= Task input =
Content starts

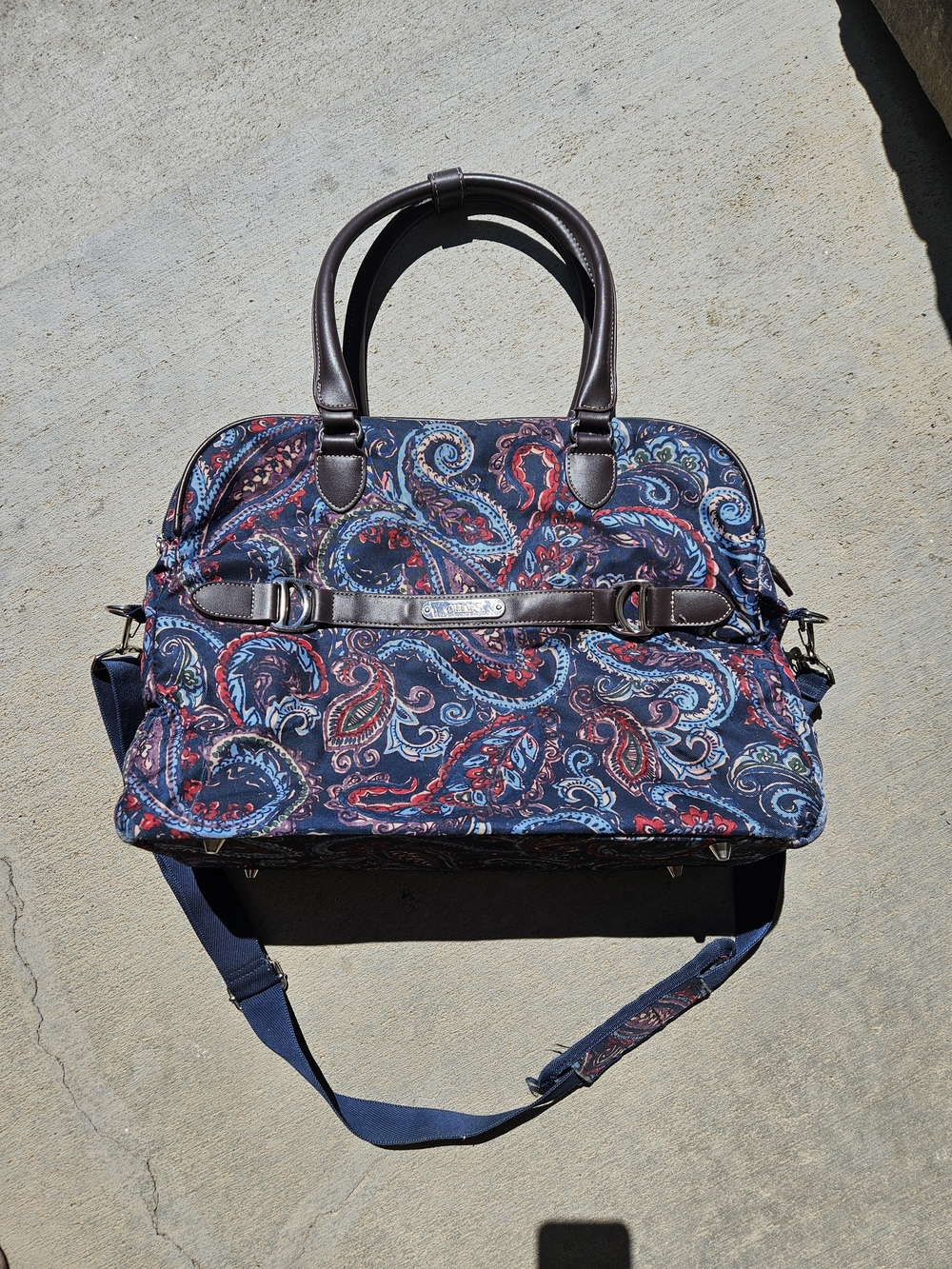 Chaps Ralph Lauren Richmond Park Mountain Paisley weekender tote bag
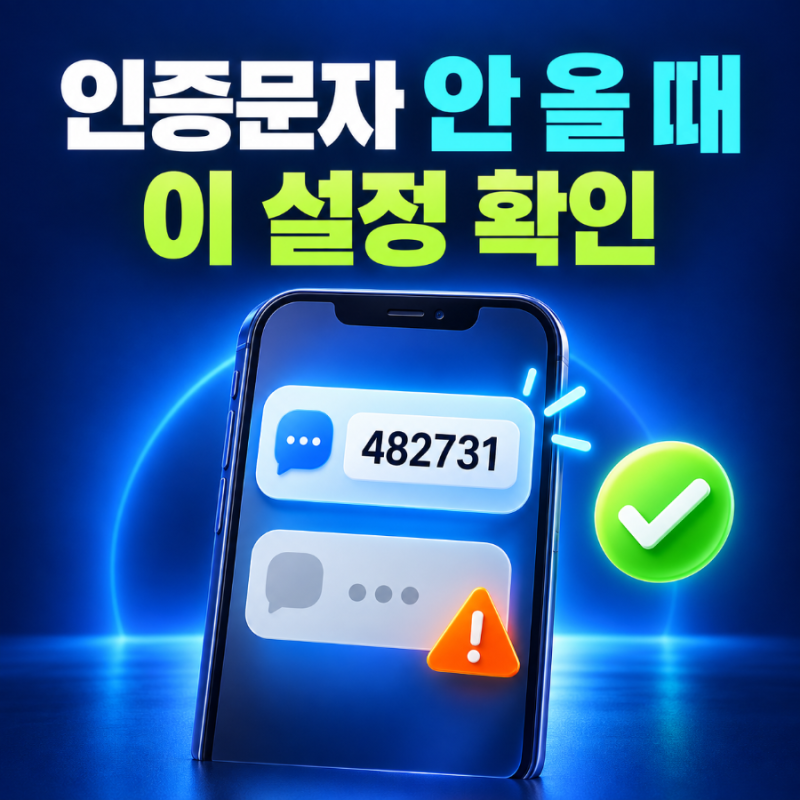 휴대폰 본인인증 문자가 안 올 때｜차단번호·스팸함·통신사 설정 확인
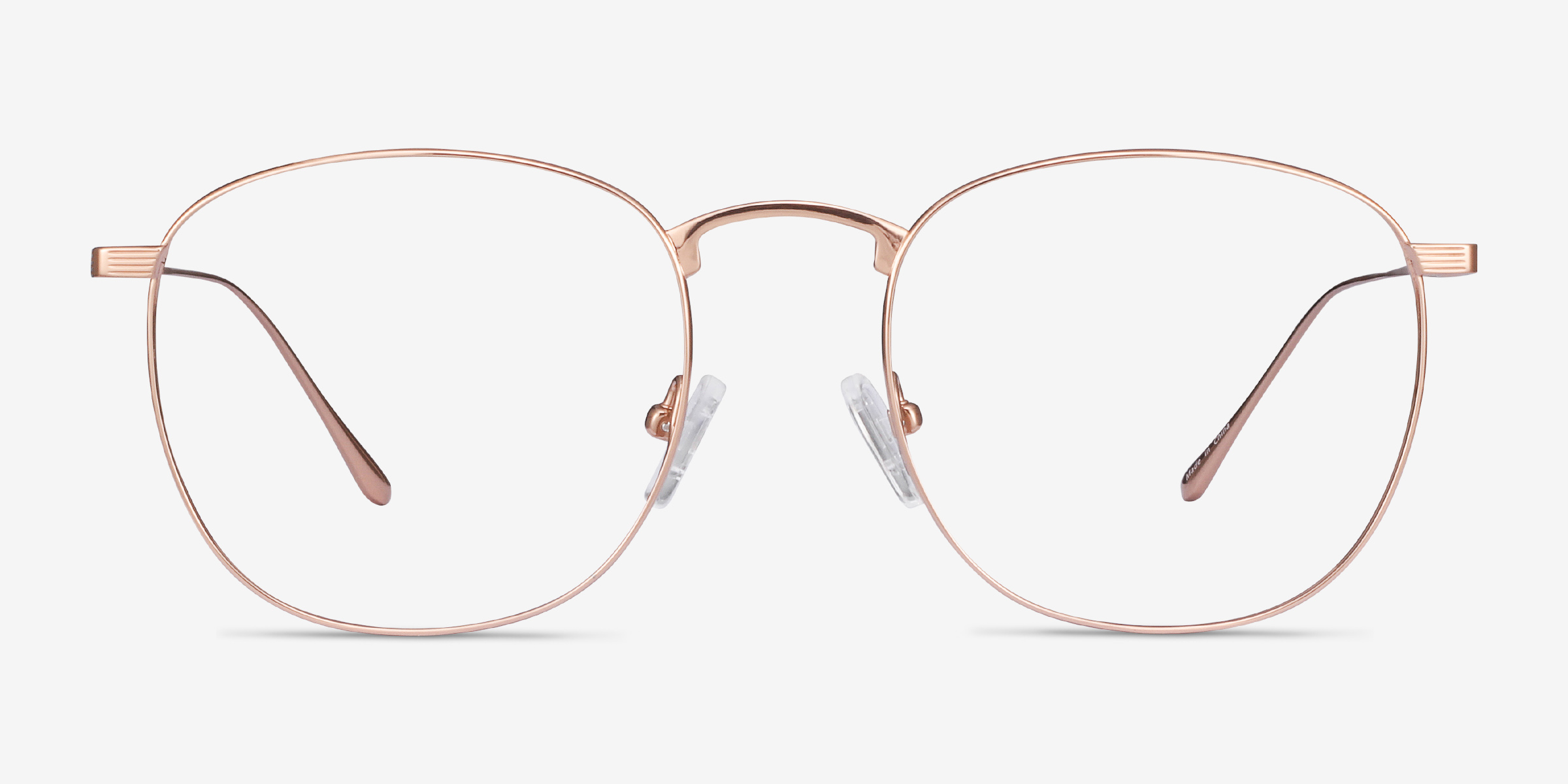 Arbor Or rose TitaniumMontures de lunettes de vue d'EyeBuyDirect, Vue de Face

Content ends
Content starts

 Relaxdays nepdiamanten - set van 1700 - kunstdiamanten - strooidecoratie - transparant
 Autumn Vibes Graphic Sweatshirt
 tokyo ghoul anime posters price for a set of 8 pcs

Content ends

= What you need to do =
Set down only the lines above that fall between the line holding "Autumn Vibes Graphic Sweatshirt" and the line holding "tokyo ghoul anime", inclusive, keeping each exact.

= Answer space =
 Autumn Vibes Graphic Sweatshirt
 tokyo ghoul anime posters price for a set of 8 pcs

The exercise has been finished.